General characteristics
- Class & type: General G. O. Squier-class transport ship
- Displacement: 9,950 tons (light), 17,250 tons (full)
- Length: 522 ft 10 in (159.36 m)
- Beam: 71 ft 6 in (21.79 m)
- Draft: 24 ft (7.32 m)
- Propulsion: single-screw steam turbine with 9,900 shp (7,400 kW)
- Speed: 17 knots (31 km/h)
- Capacity: 3,343 troops
- Complement: 356 (officers and enlisted)
- Armament: 4 × 5"/38 caliber guns; 8 × 1.1"/75 AA guns; 16 × 20 mm Oerlikon AA guns;

= USS General J. H. McRae =

Transport ship launched in 1944

USS General J. H. McRae (AP-149) was a built for the United States Maritime Commission during World War II. In 1946 she was transferred to the US Army and operated as USAT General J. H. McRae. On 1 March 1950 she was transferred to Military Sea Transportation Service and operated as USNS General J. H. McRae (T-AP-149). She was named for US Army Major General James H. McRae.

==Operational history==
General J. H. McRae was launched 26 April 1944 by the Kaiser Co., Kaiser Shipyards, Yard 3, Richmond, California, completed 16 June 1944 and delivered to the Maritime Commission for assignment on a loan basis by the War Shipping Administration to the United States Navy on the same day. The ship was commissioned USS General J. H. McRae (AP-149) on 8 August 1944 at Richmond, California.

During 1944 she sailed from West Coast ports carrying troops to Honolulu, Hawaii and other Pacific Theater destinations. On 11 January 1945 she sailed for India where she picked up troops and delivered them to various South Pacific destinations.
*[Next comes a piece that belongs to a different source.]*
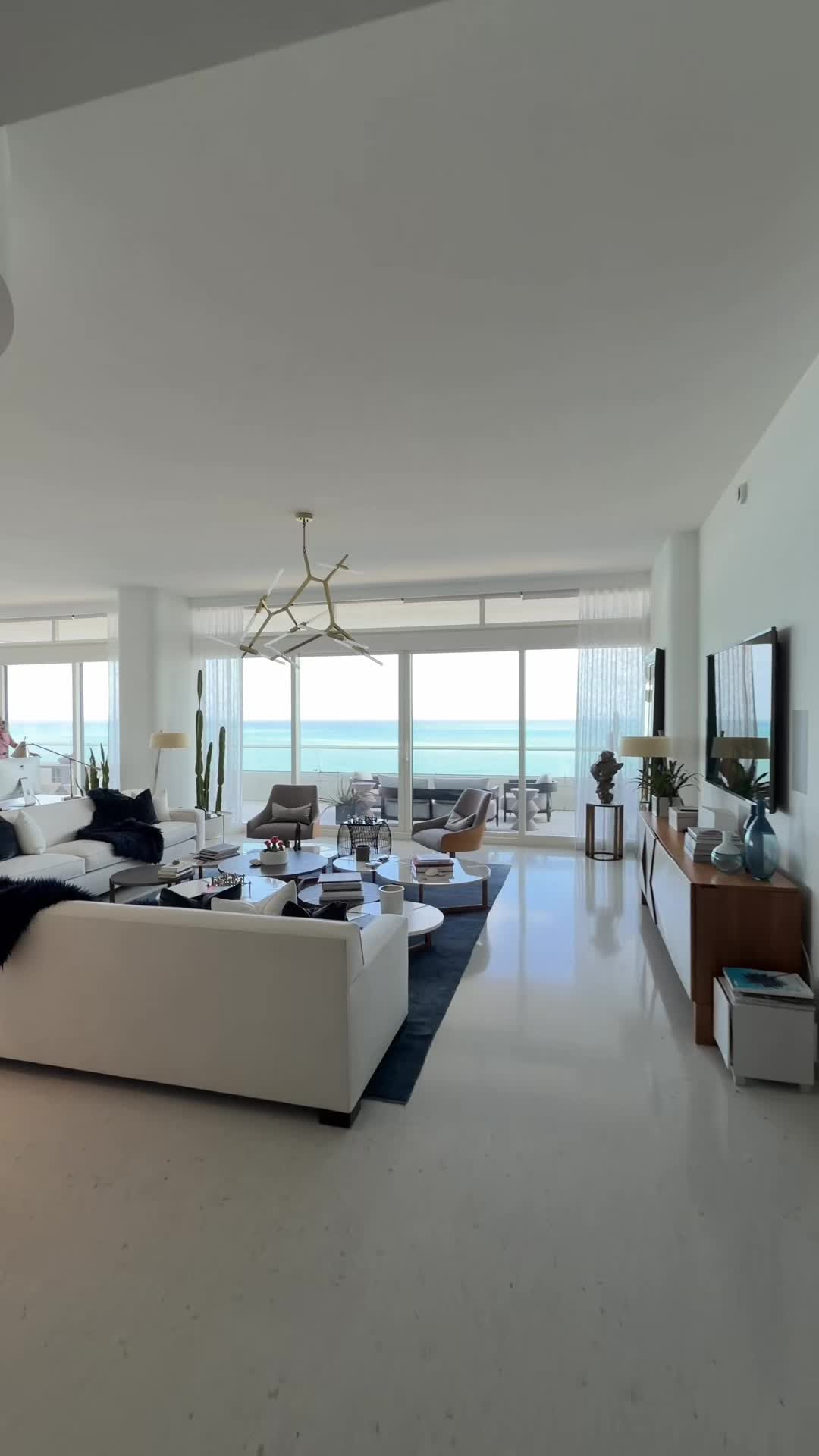 @LuxQue Media Real Estate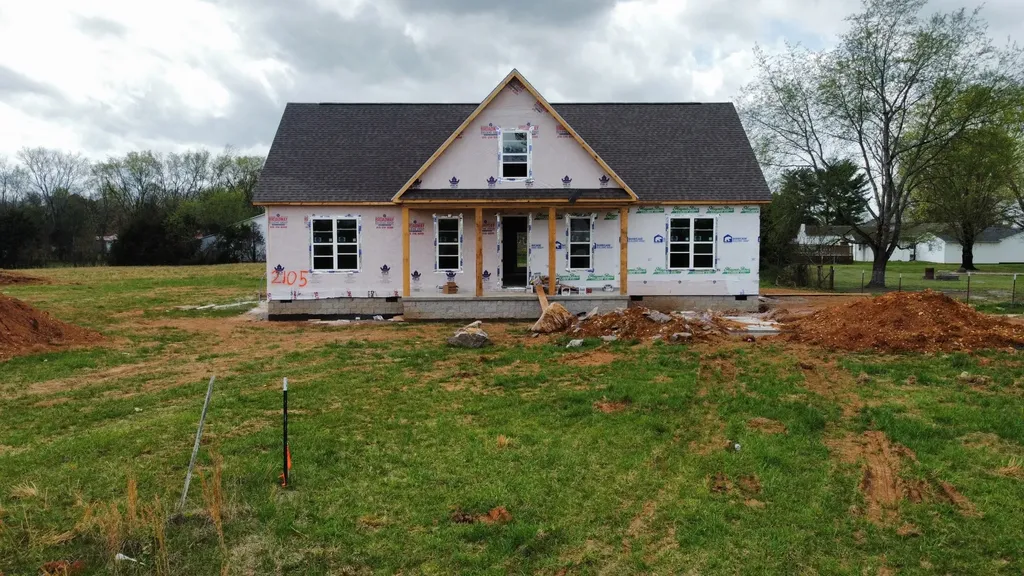 2105 Laws Hill Creek Lewisburg TN 37091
She sailed 19 June 1945 through the Panama Canal for Le Havre, France, where she embarked more than 4,000 troops and returned with them to Newport News, Virginia She moved to Staten Island, N.Y. where on 26 October 1945 she picked up 2,200 "kaki clad brethen"(The "MAC" Log)" and sailed 8643 nmi arriving at Iran's Shaht-El-Arab River on 19 November 1945. The MAC Log also said that up to this point the "MAC" had transported 36,000 troops over 120000 nmi. She continued transporting troops from Europe and other ports through the end of 1945. She was decommissioned at New York City 27 February 1946 and was returned to War Shipping Administration (WSA) for peacetime operations as a United States Army Transport (USAT) under bareboat charter until title was transferred on 30 August 1946.
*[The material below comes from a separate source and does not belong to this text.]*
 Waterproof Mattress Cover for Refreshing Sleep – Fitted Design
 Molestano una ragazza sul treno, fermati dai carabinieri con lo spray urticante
As USAT General J. H. McRae she transported troops through 1950. One typical voyage during this period was transporting troops from Manila to San Francisco in January 1947.
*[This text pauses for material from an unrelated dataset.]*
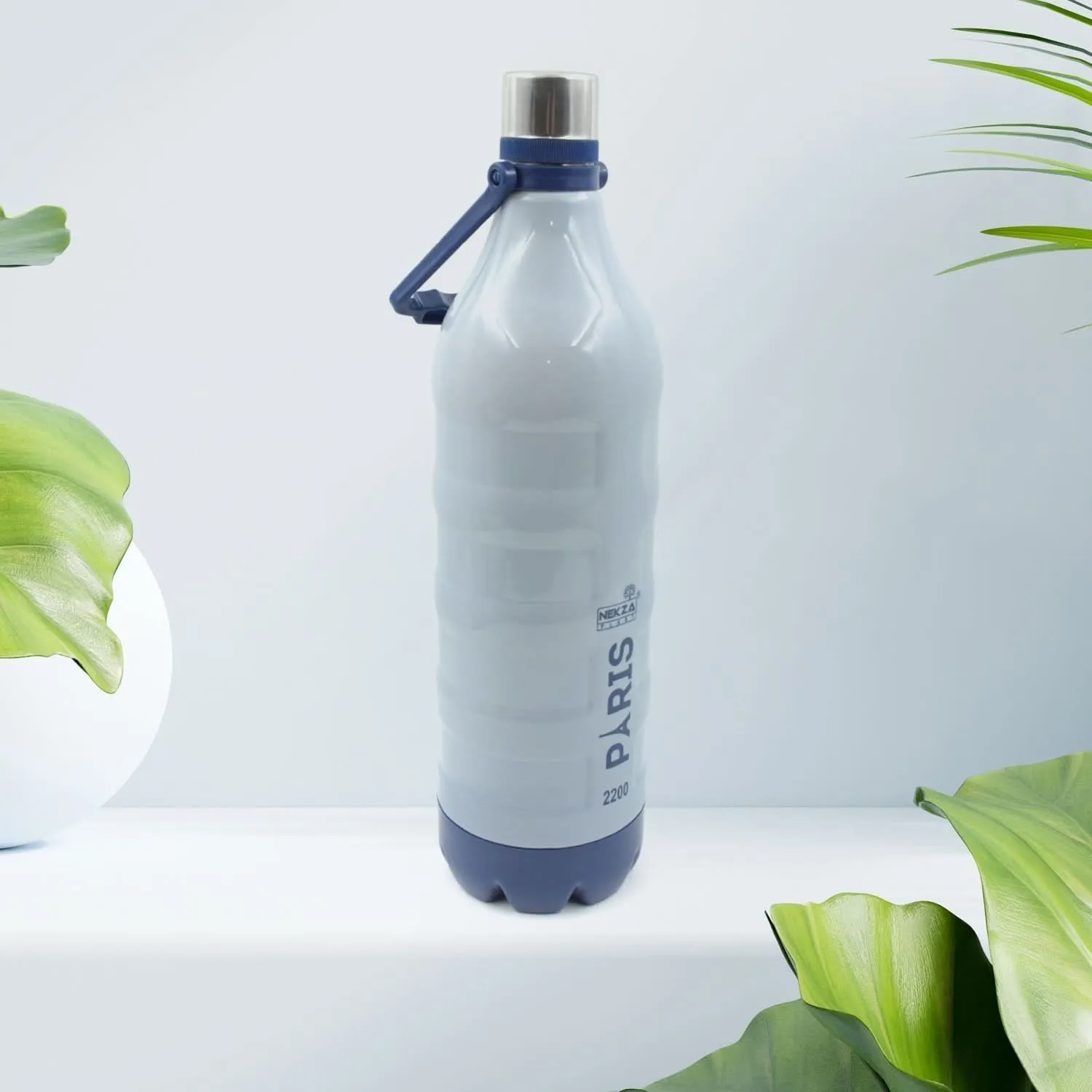 Plastic Sports Insulated Water Bottle with Handle – BPA-Free, Leak-Proof (1500ml & 2200ml)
The Navy reacquired the ship during the mass transfer of Army ships to Navy on 1 March 1950 and assigned to the Military Sea Transportation Service (MSTS). Crewed by civilians, she operated between New York and the United Kingdom until February 1954, then shifted her base to San Francisco, California for runs to Japan.

On 29 October 1954 the General J. H. McRae was inactivated and laid up in the Pacific Reserve Fleet at San Diego, CA. On 24 February 1960 she was transferred to the Maritime Administration (MARAD) for lay up in the National Defense Reserve Fleet, Suisun Bay, Benicia, California. On 16 July 1968 title was transferred to Hudson Waterways Corp./McRae Shipping Corp. under the MARAD exchange program, and the ship was renamed SS Transhawaii, USCG ON 515621, IMO 6904820. She was converted to a container ship by the Maryland Shipbuilding and Drydock Company in 1969–1970. Upon completion on 12 March 1970 she began hauling containerized cargo for Seatrain Lines. On 5 March 1975 she was sold to the Puerto Rico Maritime Authority and renamed SS Aguadilla. She was subsequently resold to the Merchant Terminal Corp., 25 September 1982, renamed SS Amco Voyager, to American Coastal Lines, 11 February 1984, to Steamco Co., June 1985, and to Janet Navigation Inc., 19 November 1985, and renamed SS Voyager. She was sold for scrapping in Taiwan, 2 October 1986 and broken up in 1987.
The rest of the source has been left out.